Der Finanzminister, Christian Lindner, blickt schon auf 2024, Union und AfD kritisieren Tricksereien mit Sondervermögen.

28.11.2022
2024-01-13T18:16:03.3600Z
6 Min

Der Haushalt 2023 ist beschlossen. Nach langen und intensiven Beratungen in den Fachausschüssen sowie im Haushaltsausschuss passierte der Haushaltsentwurf vergangenen Freitag in namentlicher Abstimmung das Hohe Haus. 378 Abgeordnete der Koalitionsfraktionen und ein fraktionsloser Abgeordneter stimmten mit Ja, 283 Abgeordnete der Oppositionsfraktionen mit Nein - Enthaltungen gab es keine. Damit kann der Bund im kommenden Jahr mit Ausgaben in Höhe von 476,29 Milliarden Euro rechnen. Das sind noch einmal 31,1 Milliarden Euro mehr als im Regierungsentwurf. Gegenüber dem laufenden Jahr fallen die Ausgaben allerdings um 19,5 Milliarden Euro geringer aus. Das gilt auch für die Neuverschuldung: Zwar liegt sie mit 45,61 Milliarden Euro deutlich über der noch im Regierungsentwurf veranschlagten (17,25 Milliarden Euro), aber noch deutlicher unter der für diese Jahr eingeplanten Verschuldung von 139,18 Milliarden Euro (siehe auch Text unten). Die Schuldenbremse wird, anders als 2020, 2021 und 2022, damit eingehalten - trotz andauernder, vielfältiger Krisen.

Foto: picture-alliance/dpa/Michael Kappeler

Bundesfinanzminister Christian Lindner (FDP) während der Finanzdebatte am Dienstag.

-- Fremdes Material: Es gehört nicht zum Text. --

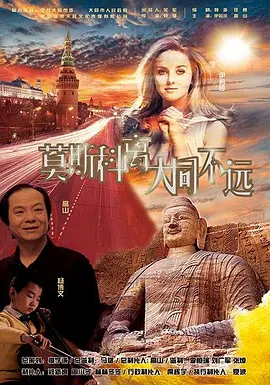 国产高清在线精品一区二区三区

Hinter den Haushälterinnen und Haushältern der Fraktionen liegen intensive Beratungen. Über 67 Stunden beriet der Haushaltsausschuss den Regierungsentwurf, davon allein rund 18 Stunden in der berühmt-berüchtigten Bereinigungssitzung. 1.554 Änderungsanträge lagen zu dem 3.289 Seiten umfassenden Haushaltsplan vor. Die 1.014 von den Oppositionsfraktionen eingebrachten Vorschläge fanden im Haushaltsausschuss erwartungsgemäß keine Mehrheit. Das gleiche Schicksal ereilte die 25 vergangene Woche ins Plenum eingebrachten Änderungs- und Entschließungsanträge von CDU/CSU, AfD und Die Linke.

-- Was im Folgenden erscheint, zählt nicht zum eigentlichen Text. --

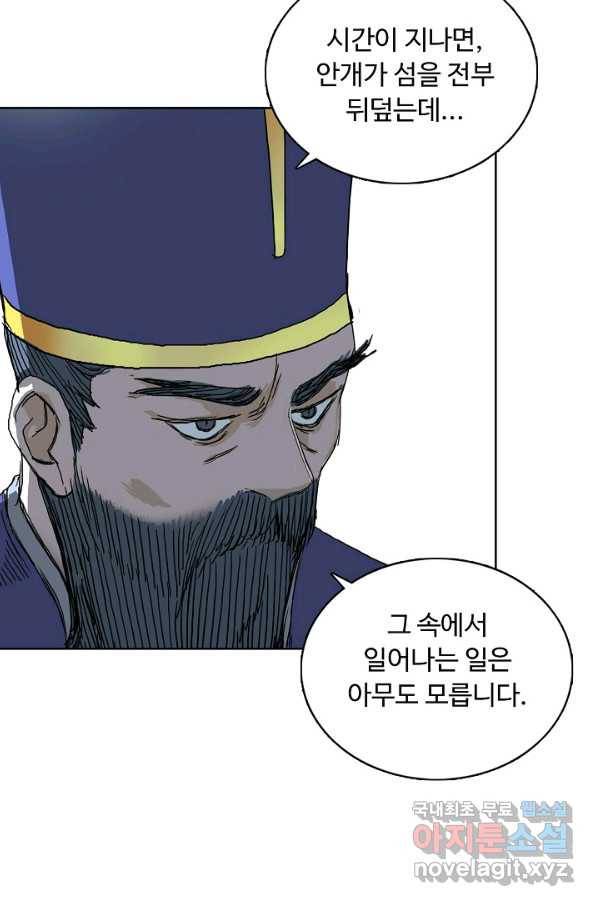 슈퍼 큐브 211화 14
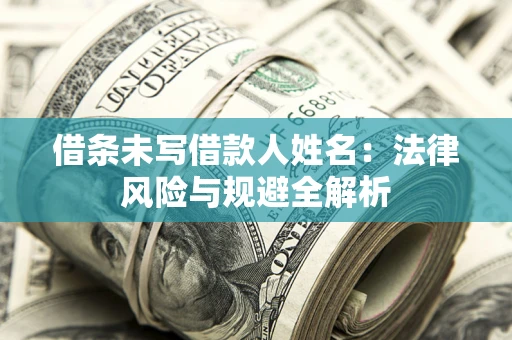 北京借条未写借款人姓名：法律风险与规避全解析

Koalition setzt 538 Änderungsanträge durch

Mehr Erfolg war, wenig überraschend, den 538 Änderungsanträgen der Koalitionsfraktionen beschieden. Damit, so betonte Sven-Christian Kindler zum Auftakt der vergangenen Haushaltswoche, hätten die Koalitionsfraktionen gezeigt, "wer der Haushaltsgesetzgeber ist". Der Entwurf des Bundeshaushaltsplans sei "an entscheidenden Stellen verbessert und auch korrigiert" worden, sagte der haushaltspolitische Sprecher der Grünen-Fraktion. Ähnlich bilanzierte es der stellvertretende Fraktionsvorsitzende der SPD, Achim Post. Bundesfinanzminister Christian Lindner habe einen "klugen, einen sehr klugen Haushaltsentwurf" vorgelegt, lobte Post, "er wurde in den Beratungen noch ein bisschen verbessert".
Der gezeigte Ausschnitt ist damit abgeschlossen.